Exclude every picture and return the remaining entries below verbatim.

══════════════════════════════

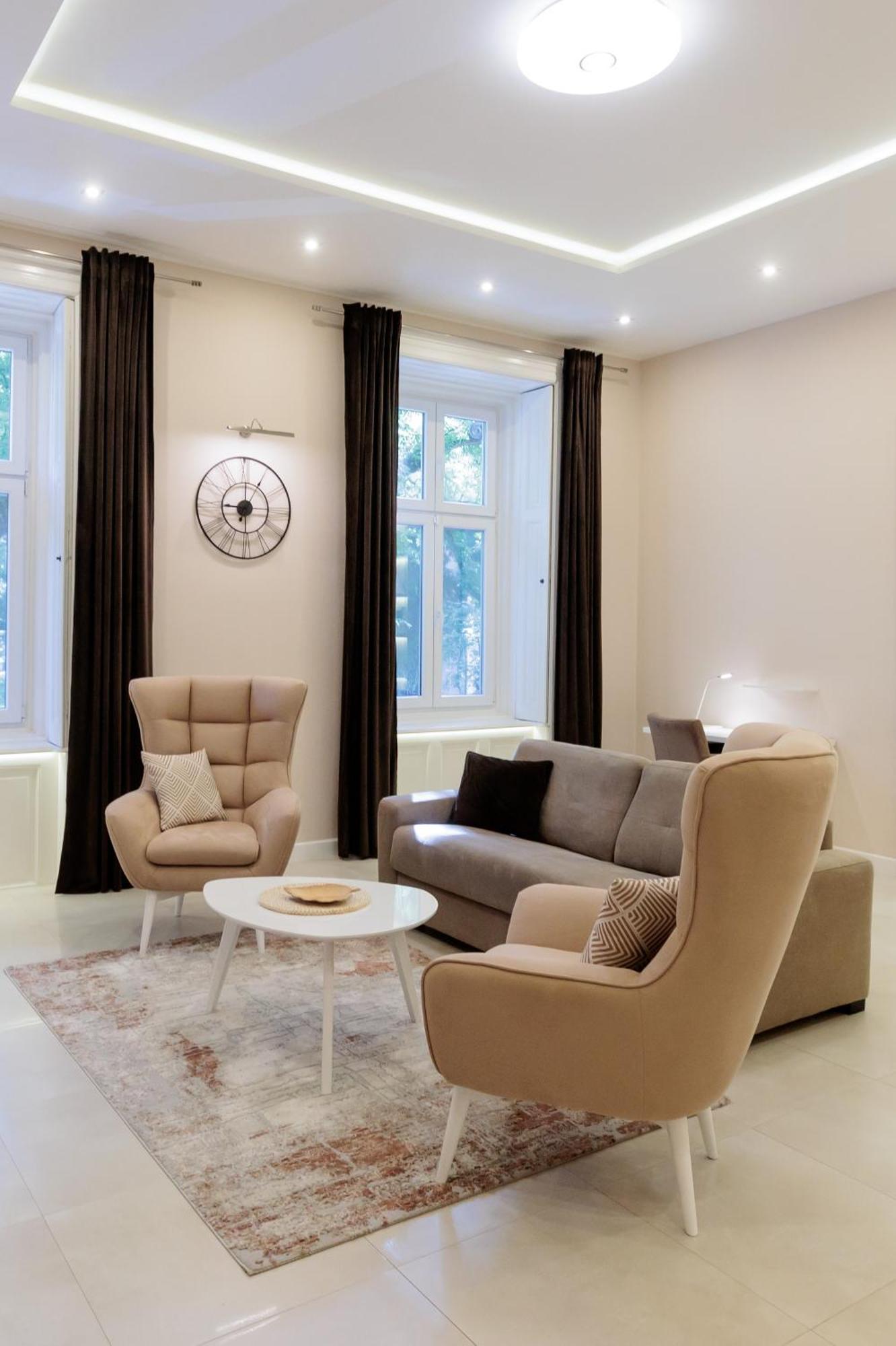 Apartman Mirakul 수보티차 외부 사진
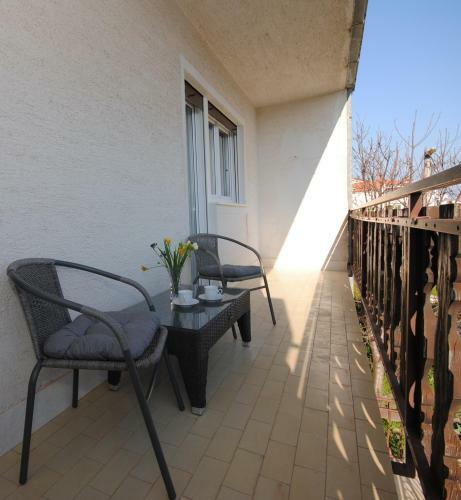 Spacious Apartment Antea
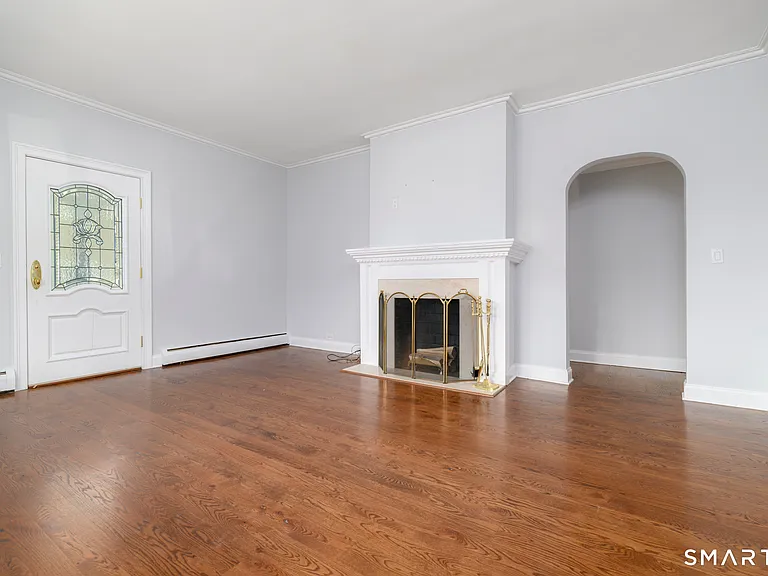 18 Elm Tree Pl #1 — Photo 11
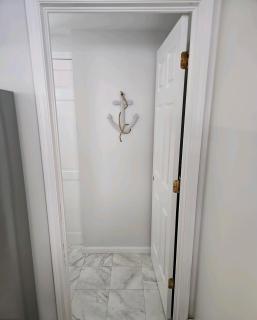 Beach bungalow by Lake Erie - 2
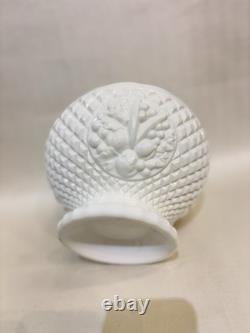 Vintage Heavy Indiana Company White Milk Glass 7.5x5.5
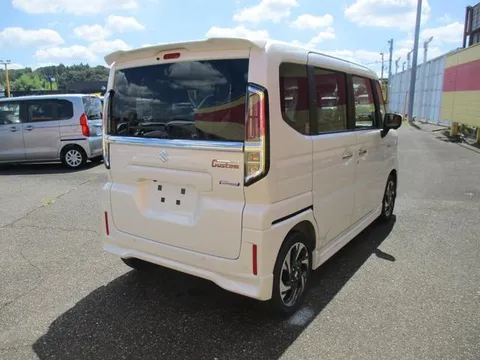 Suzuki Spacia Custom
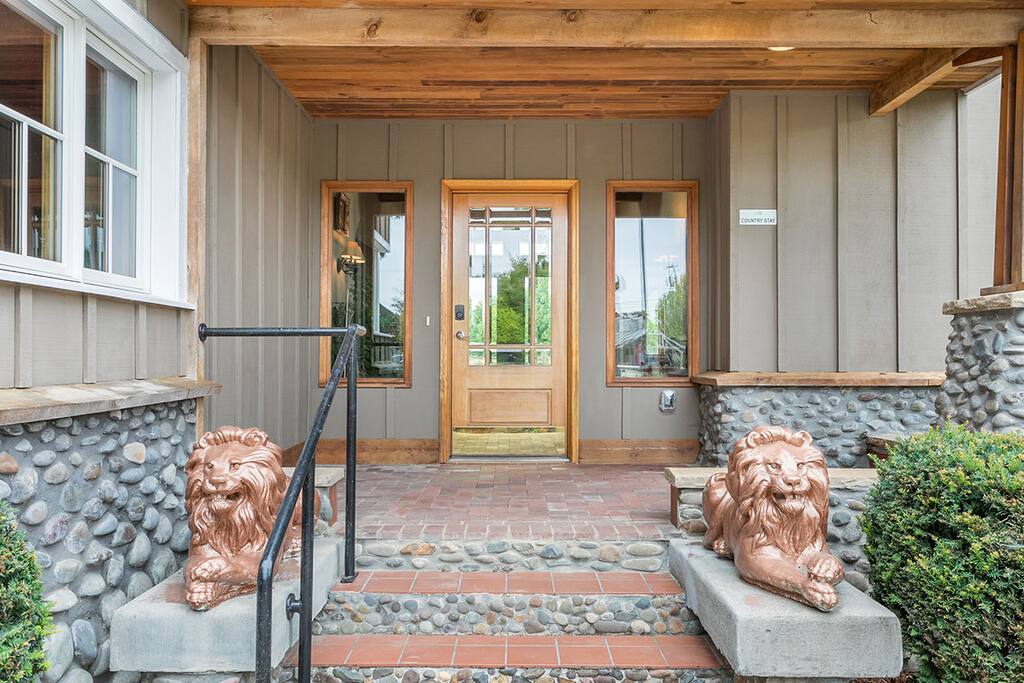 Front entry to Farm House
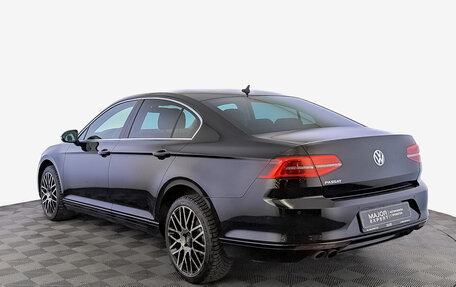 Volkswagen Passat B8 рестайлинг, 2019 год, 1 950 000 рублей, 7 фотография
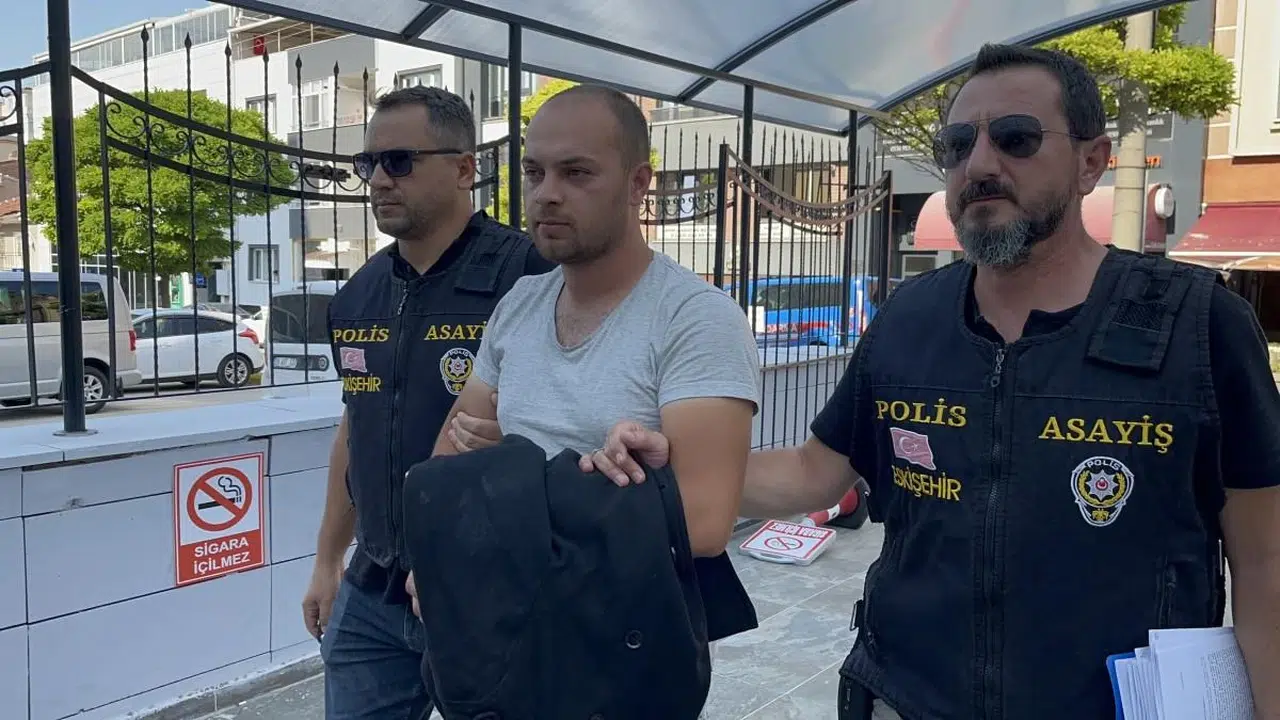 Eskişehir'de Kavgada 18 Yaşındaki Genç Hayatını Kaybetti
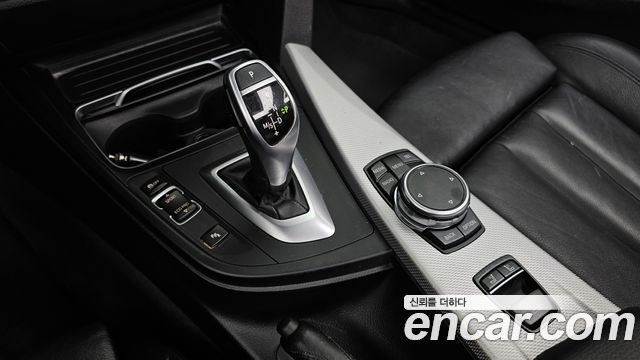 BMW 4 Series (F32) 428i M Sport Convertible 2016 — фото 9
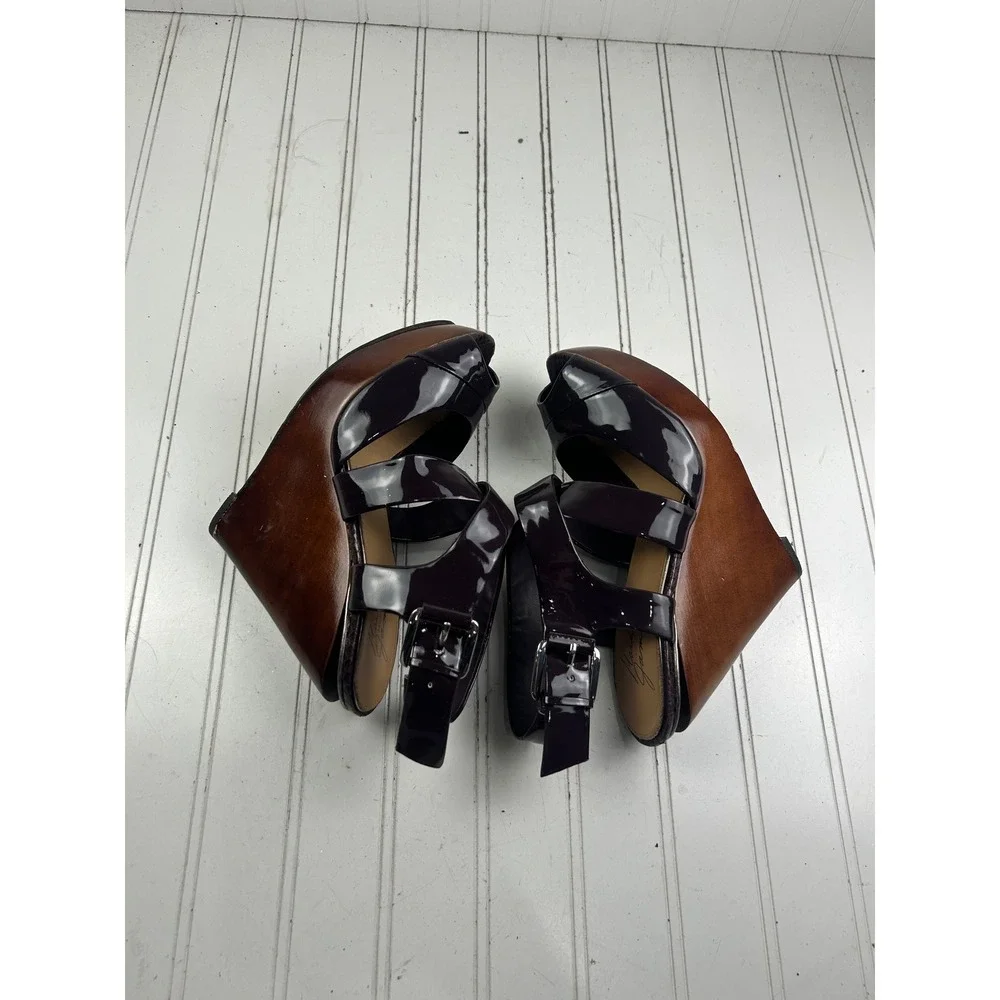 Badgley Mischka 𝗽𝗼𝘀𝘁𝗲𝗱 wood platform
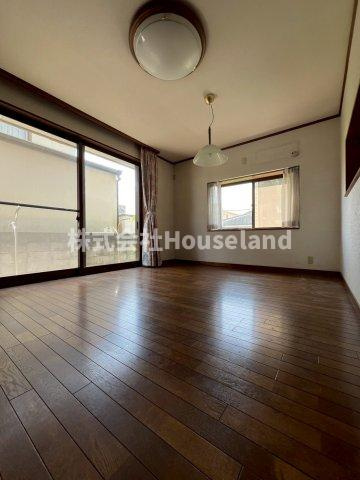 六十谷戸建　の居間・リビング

══════════════════════════════

▶ **Solution to this problem**:
 Apartman Mirakul 수보티차 외부 사진
 Spacious Apartment Antea
 18 Elm Tree Pl #1 — Photo 11
 Beach bungalow by Lake Erie - 2
 Vintage Heavy Indiana Company White Milk Glass 7.5x5.5
 Suzuki Spacia Custom
 Front entry to Farm House
 Volkswagen Passat B8 рестайлинг, 2019 год, 1 950 000 рублей, 7 фотография
 Eskişehir'de Kavgada 18 Yaşındaki Genç Hayatını Kaybetti
 BMW 4 Series (F32) 428i M Sport Convertible 2016 — фото 9
 Badgley Mischka 𝗽𝗼𝘀𝘁𝗲𝗱 wood platform
 六十谷戸建　の居間・リビング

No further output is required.